The divine Judy of Over a Tuscan Stove has a savory and amazing recipe for Cinghiale in Dolce Forte, adapted from an ancient recipe. Her wild boar stew has nice plump prunes…along with a suspicion of chocolate!

The zesty red-headed Laura of Cucina Testa Rossa began a torrid love affair with, what she writes, “the most expensive prunes in the world”, the famed Stuffed Prunes from Agen. Then she went on to make a creamy Glace de Pruneaux d’Agen et Armagnac, Prune & Armagnac ice cream, making full use of her new ice cream freezer.

Fellow Parisian Christine who resides at Chez Christine presents a stunning Terrine de Canard aux Pruneaux et a l’Armagnac (Duck Terrine with Prunes and Armagnac) along with the recipe, which sounds worth tackling for the holidays.
Or perhaps she’s taking orders?

Zorra, from Andalucia, Spain, made some fabulous tapas of Sherry-Soaked Prunes in Bacon, a variation of the delicious bacon-wrapped dates which I’ve had grilled and served in many tapas bars. I can’t wait to try it with prunes and it’s simple enough for anyone to make…no matter where you live.

My gal Alicat slinks in with two original tarts; Apricot & Prune Tart, and Dark Chocolate, Pecan, & Prune Tart. Both tarts look terrific and she and I did a mind-meld and were the only ones who combined chocolate with prunes in our desserts.

Peter at Tea Leaves found his own translation for pruneaux d’Agen. And even if a scholar of the French language might take exception to his method, his entry How To Eat Prunes had me eying my prized bottle of Armagnac in anticipation of making his boozy infusion.

I was almost afraid to open Lindy’s post at Toast since it was titled “Nightingale with Prunes”. But instead of something ‘fowl’, I found a delicate and delicious prune-presentation inspired by a recipe from pastry hero Pierre Hermé.

Pille, an Estonian living in Scotland, who’s captivating blog presents an I Am So Good For You Prune Cake called hapukoorekook kuivatatud ploomidega, (although she slipped once and called it ‘plum juice’ when she meant ‘prune juice’). In spite of the, er, high-fiber benefits of prunes, her recipe packs in some extra wheat bran!

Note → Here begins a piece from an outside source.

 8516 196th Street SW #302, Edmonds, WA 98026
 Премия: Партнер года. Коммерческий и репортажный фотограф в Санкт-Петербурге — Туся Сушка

My Amateur Gourmet Survivor, Melissa, survived her search for two prune recipes and discovered an Iranian Prune Stew and a ‘Plumb’ Cake that I could almost smell just looking at the pictures.
Merci Melissa!

Marc gave prunes, what he calls, “some X-appeal”, and he re-created my pal and baking guru Nick Malgieri’s X-Cookies, using a gift from his ex. Hmmm…he looks like he’s become an X-pert in cookie-making.

Ulrike made a stunning Couscous Tabbouleh with Glazed Prunes, a trans-Atlantic combination of organic California Prunes cooked up in Germany. (Check out the swirly Apfelrezepte carving off to the side of the blog too!) Ulrike wasn’t the only one who looked to the Middle East for inspiration…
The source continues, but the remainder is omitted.